I mean, I think my self-portraits are a world of their own. Like I said, I am trying to position myself in the world according to femininity. I am forcing the viewer to interact with certain elements of myself, whether it be my body type or personality. These self portraits are made in the studio where the environment is just me and I have control of my representation. Something that is very important to me is visibility and inserting myself into the discourse as a non-stereotypically beautiful woman.

You moved to New York to study but your photographs keep on having that South of Florida hyper-saturated-colorful-aesthetic, that is so positive and sunny.
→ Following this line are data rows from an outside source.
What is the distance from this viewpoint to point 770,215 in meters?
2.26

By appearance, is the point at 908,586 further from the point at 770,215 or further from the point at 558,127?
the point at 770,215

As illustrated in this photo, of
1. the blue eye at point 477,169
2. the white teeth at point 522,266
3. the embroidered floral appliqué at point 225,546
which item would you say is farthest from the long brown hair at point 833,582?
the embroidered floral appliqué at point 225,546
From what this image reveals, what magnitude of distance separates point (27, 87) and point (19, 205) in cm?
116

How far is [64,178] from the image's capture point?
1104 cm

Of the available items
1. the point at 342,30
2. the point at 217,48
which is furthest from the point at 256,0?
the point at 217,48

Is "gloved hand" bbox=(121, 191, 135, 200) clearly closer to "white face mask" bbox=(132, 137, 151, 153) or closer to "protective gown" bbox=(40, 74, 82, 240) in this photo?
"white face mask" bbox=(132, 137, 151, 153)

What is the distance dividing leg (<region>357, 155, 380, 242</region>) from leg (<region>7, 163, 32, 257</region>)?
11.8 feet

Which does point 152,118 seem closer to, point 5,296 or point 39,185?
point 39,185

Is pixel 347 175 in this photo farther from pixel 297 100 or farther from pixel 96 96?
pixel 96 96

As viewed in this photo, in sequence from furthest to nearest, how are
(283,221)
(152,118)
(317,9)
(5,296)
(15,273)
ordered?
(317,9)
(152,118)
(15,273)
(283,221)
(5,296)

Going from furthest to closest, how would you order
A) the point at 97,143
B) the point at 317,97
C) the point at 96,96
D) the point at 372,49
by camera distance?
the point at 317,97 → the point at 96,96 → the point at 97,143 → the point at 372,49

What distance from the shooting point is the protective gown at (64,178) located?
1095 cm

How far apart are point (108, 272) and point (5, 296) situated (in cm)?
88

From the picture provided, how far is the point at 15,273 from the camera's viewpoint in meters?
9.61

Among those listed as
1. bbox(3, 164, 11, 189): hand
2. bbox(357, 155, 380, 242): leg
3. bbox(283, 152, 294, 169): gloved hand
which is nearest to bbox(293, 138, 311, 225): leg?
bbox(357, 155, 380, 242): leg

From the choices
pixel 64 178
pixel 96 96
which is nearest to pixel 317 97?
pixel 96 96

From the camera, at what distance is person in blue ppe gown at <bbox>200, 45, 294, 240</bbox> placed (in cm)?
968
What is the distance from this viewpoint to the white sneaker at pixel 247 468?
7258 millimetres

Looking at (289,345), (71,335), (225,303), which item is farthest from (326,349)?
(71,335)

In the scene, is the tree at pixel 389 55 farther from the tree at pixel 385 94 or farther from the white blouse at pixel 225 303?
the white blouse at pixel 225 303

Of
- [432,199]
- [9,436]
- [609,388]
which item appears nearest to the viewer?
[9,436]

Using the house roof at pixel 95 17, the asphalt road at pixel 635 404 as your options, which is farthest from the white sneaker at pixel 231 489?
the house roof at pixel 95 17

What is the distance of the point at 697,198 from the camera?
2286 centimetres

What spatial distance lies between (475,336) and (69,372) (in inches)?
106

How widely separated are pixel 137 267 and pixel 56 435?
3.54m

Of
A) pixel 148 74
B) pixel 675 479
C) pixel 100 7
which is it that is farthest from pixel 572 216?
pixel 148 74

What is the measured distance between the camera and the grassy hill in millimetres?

How hard was it to move to such a different environment for you and how much this has influenced your work?

It’s very hard! I don’t know what to take pictures of in New York. The past few years I’ve used New York City as a place to think about the work I’ve made outside of it.

Any particular projects coming up?

Yes! I have been working with my best friend Damien Maloney on a collaborative photographic project. We are traveling together, photographing each other and the land and exploring ideas of intimacy and desire. I hope it can be a book by the end of this year.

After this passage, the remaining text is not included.